The melancholy vista at Hat Creek makes it easy to entertain equally melancholy thoughts about the SETI enterprise itself. It's the ultimate in high-risk, high-payoff science, pursued by only a handful of passionate researchers. In 50 years of searching, they have turned up nothing — and they can't quite shake an association in the public mind with flying-saucer sightings and Hollywood science fiction, all of which is so easy for cost-cutting politicians to ridicule that any substantial federal funding for SETI is impossible. Private support for the search is getting tighter because of the global recession. And many of the pioneers who have championed the search are now well into their 60s, 70s or 80s.

Given all that, what kind of future can SETI have? Quite a vigorous one, insist the SETI researchers. By nature they are an optimistic lot, given to taking the long view. "I'm a Pollyanna" about raising the money to restart the Allen array, declares Jill Tarter, head of the search programme at the SETI Institute in Mountain View, California — the nonprofit research organization that conceived the array, operated it in partnership with astronomers at Berkeley and is now seeking the funds to resurrect it. Besides, the array is only one SETI initiative among many.

"If it closes I'll be sad for my colleagues at the SETI Institute," says Daniel Werthimer, a radio astronomer at Berkeley who runs several SETI surveys using data from the 305-metre radio dish at the Arecibo Observatory in Puerto Rico, "but that's not going to affect us here." Or elsewhere: smaller, cheaper SETI searches are currently being conducted on telescopes around the world ( see slideshow ).
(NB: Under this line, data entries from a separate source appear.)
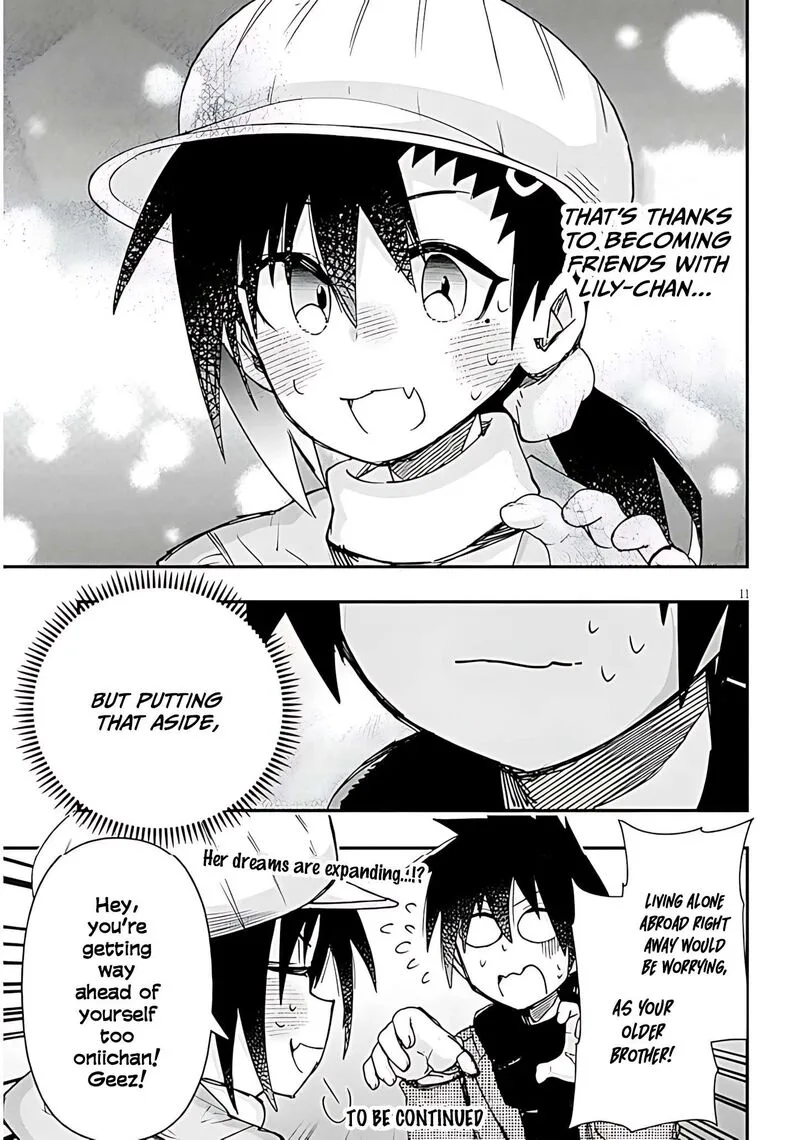 Geesen Shoujo to Ibunka Kouryuu Chapter 144 page 12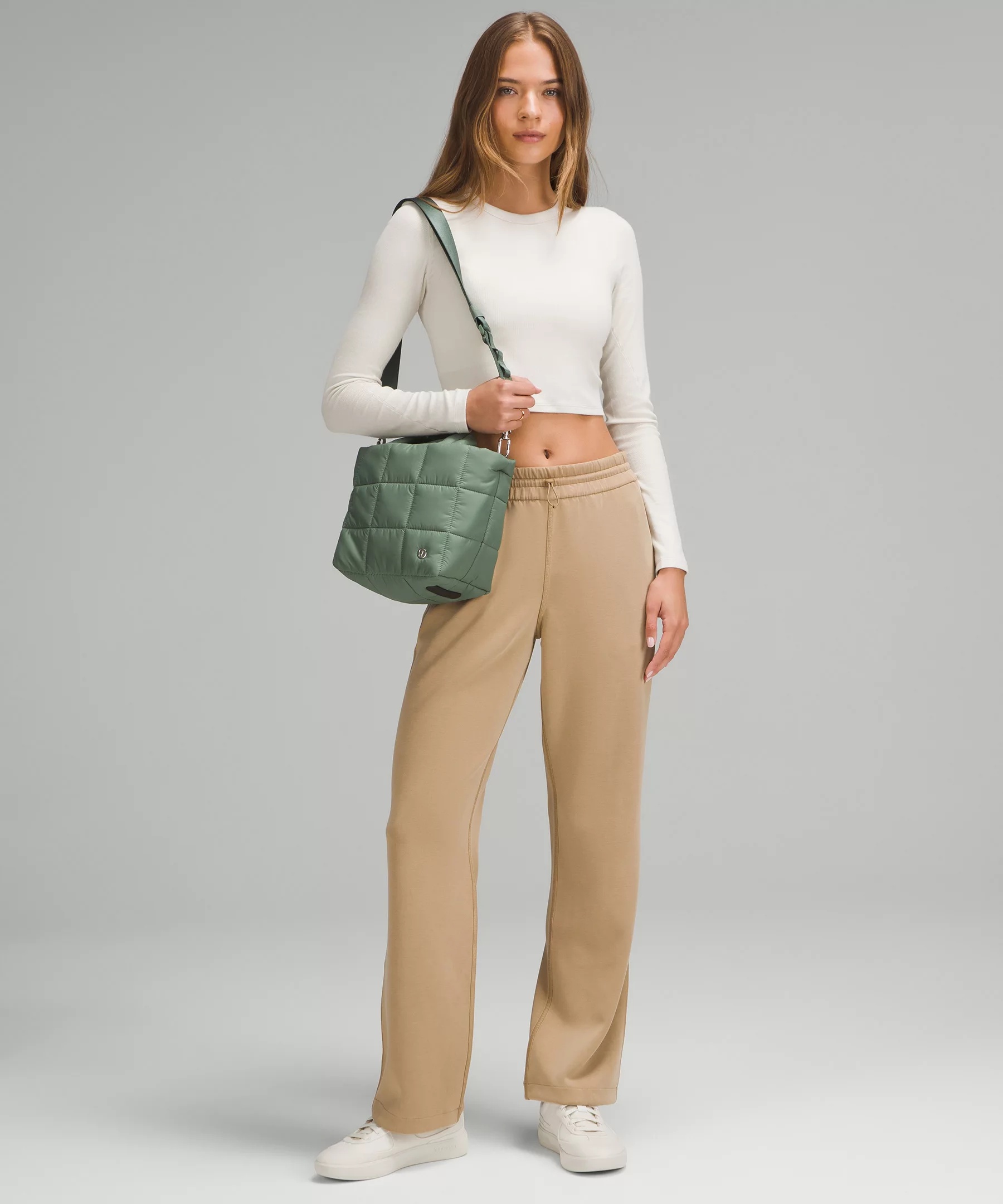 Quilted Grid Tote Bag Mini 5L - 2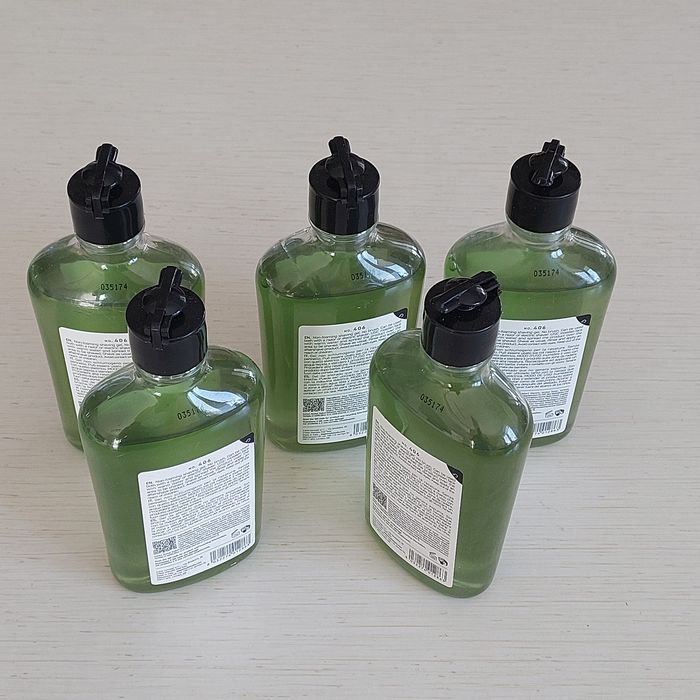 3 x NO. 406 DUŻY TRANSPARENTNY ŻEL DO GOLENIA // DEPOT 200ml 3 sztuki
Some are seeking alien radio beacons, whereas others are looking for the flicker of interstellar communication lasers. Some projects are looking at specific stars that seem likely to host Earth-like planets; others are doing a less sensitive but broader scan of the entire sky in the hope of catching signals of a type not yet conceived.

The reason to keep going is in that plethora of projects, says Frank Drake, an early pioneer of SETI studies and now an 81-year-old emeritus professor at the University of California, Santa Cruz. Our Galaxy is vast. The fraction searched so far is tiny. And the conceivable modes of alien communication are myriad. So there are always new possibilities to explore. Or, as Tarter likes to put it, giving up now would be like dipping a cup into the Pacific Ocean, finding nothing but clear water and declaring, 'the oceans have no fish'.

Intelligence test

From this wider perspective, the closing of the Allen array would mark the end of a 'big science' approach to SETI, but not of SETI itself. And, as the array's creators ruefully admit, even that approach might have succeeded — if it were not for their own early miscalculations.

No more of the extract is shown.